In return for enrolling them, I will provide two students who will;
Turn up on time, every day, in uniform
Do homework when it's supposed to be done
Apply themselves diligently to any set work
Not bother complaining to Mum & Dad about the teachers because they know it won't do them any good
Treat teachers/students/school property with respect
"Teachers will not dress like Earth Mothers"
Can you add Principals to that list as well?
Im sure we can find some teachers eager to work with you Frank......
The chance to actually teach their subject (do their job) and not spend all day sorting out other teachers problems or misbehaving yoofs would be welcome!

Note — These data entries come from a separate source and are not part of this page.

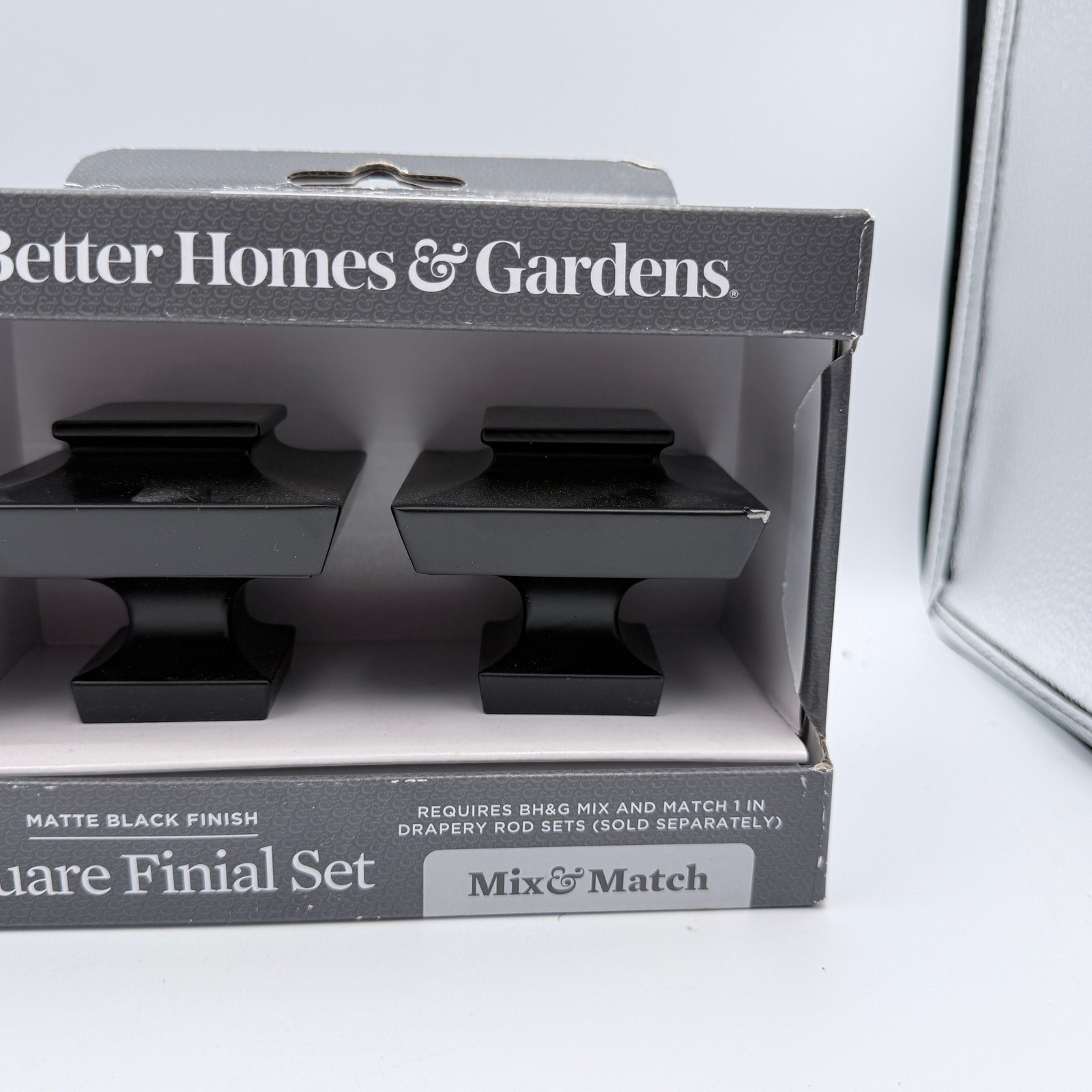 Better Homes & Gardens Square Finial Set 1in Matte Black 2 Packs 4 Total Finials
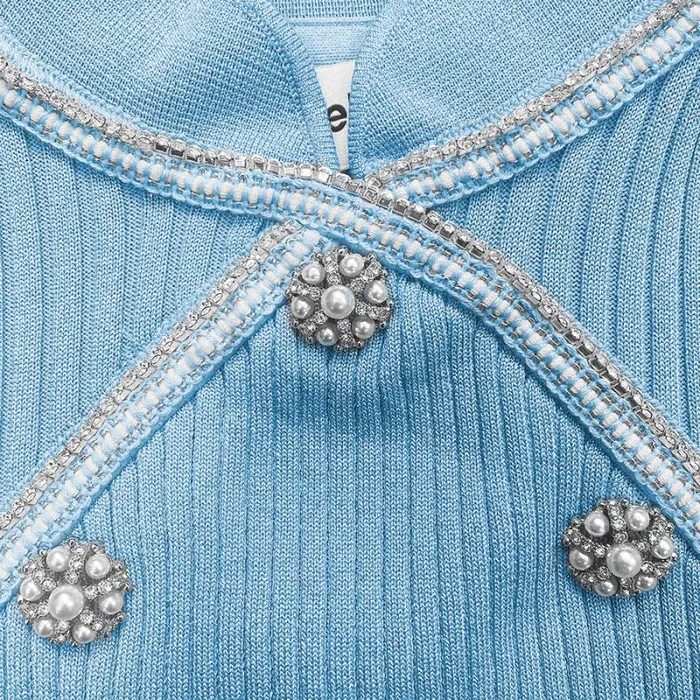 Dresses Woman SelfPortrait Blue Lurex Diamante Knit Mini Dress Dresses Woman SelfPortrait Blue Lurex Diamante Knit Mini Dress
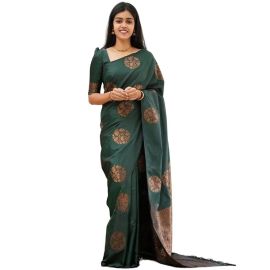 Bollyclues Kanjivaram Banarasi South Indian Traditional Soft Lichi Silk Saree With Un-stitched Blouse Piece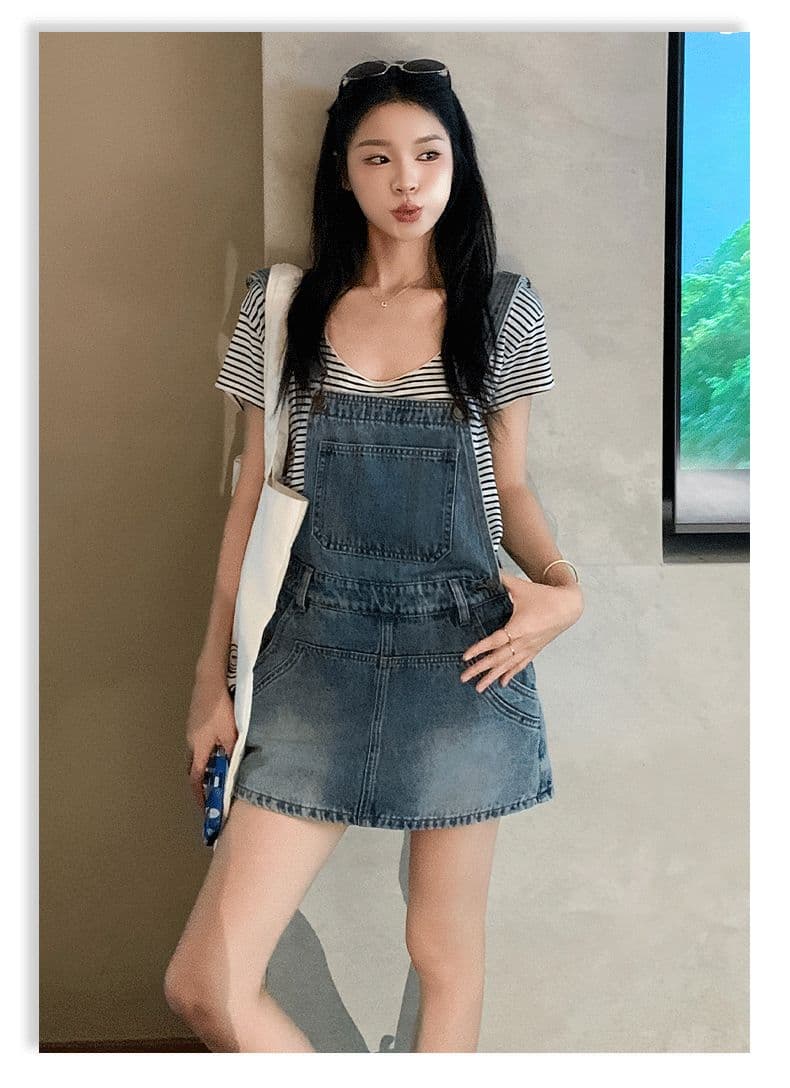 아메리칸 레트로 외국 가스 연령 감소 국방 퇴색하다 루즈핏 데님 멜빵 반바지 여성 상세 이미지 19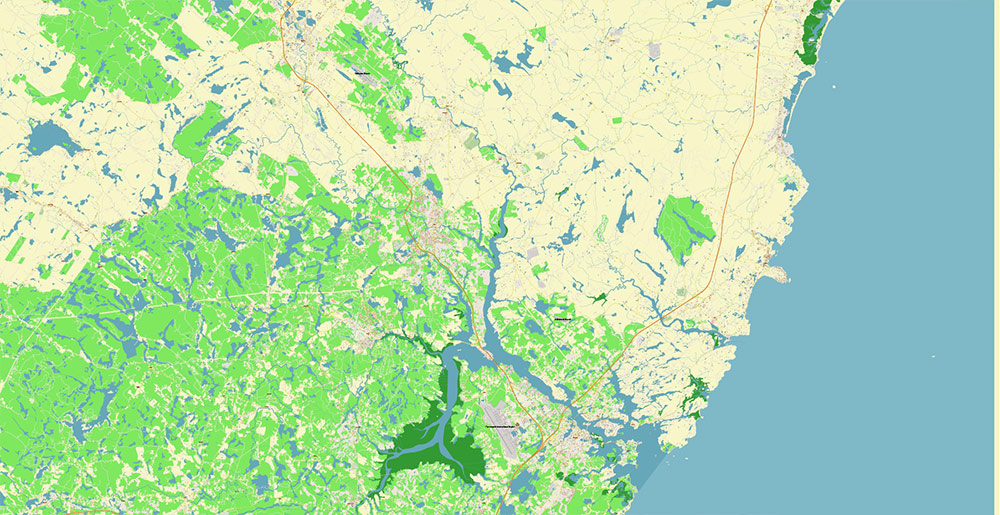 Rochester Dover Portsmouth New Hampshire USA Vector Map Exact High Detailed Street Map editable Adobe Illustrator in layers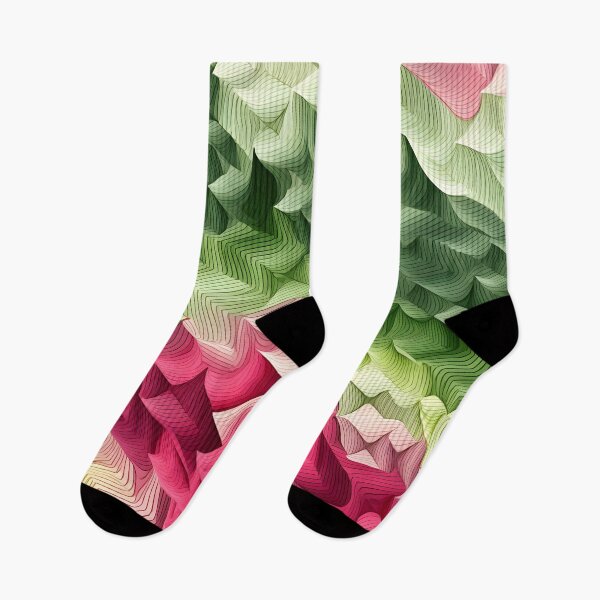 Item preview, Pink Peaks Amidst Green Folds designed and sold by VectorPlace.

If you will be offering a Physics course that actually involves some physics ( thus meaning that the books I used for A levels will not have to be consigned to the bin because they actually involve some maths, then I would like to download an application form!
Are you planning on an international campus? I fear the transatlantic commute may prove too much for me
Z
RE: Adding principals to the list
Surely, there would be no need to as they wouldn't be called 'principal'?
Would they not be 'Headteacher' or preferably 'Headmaster'/'Headmistress'
I trust that your teachers will work from syllabuses, not specifications, and only those that fit onto two sides of A4.
Will Chalk High be free from three-letter-acronyms? I've got a bit of an issue with AfL and APP and all the other shiteybollocks that used to be called "marking", and think it only fair that we all know where we stand before I have to come and teach half a pretendy lesson that nonetheless crams the starter, micro-activities for each learning style plus accomanying mini-plenaries, and whole-class plenary to half a set of hand-picked kids who can be reasonably-well guaranteed not to throw compasses at me whilst I pretend I like them.
Coldwater - I prefer "Sir".
"Only statutory sick pay will be paid for absences"
What about if the absence is as the result of an attack by a pupil?
SCHOOLS TO SEND THE THICKEST 25% HOME - via The Daily Mash
Hopefully this will make you smile.
and @Anonymous - I suspect that attacks by pupils will be dealt with on a ten point plan that involves kicking ten types of s*** out of the offending pupil in a place that's private and secluded.
Let me know when you need a no nonsense physicist.
Cocaine-snorting, serial-shagger head teachers shall not produce their willie at the staff end-of-year party and ask if anyone "wants a bit".
True. Said head teacher went on to become a Labour advisor.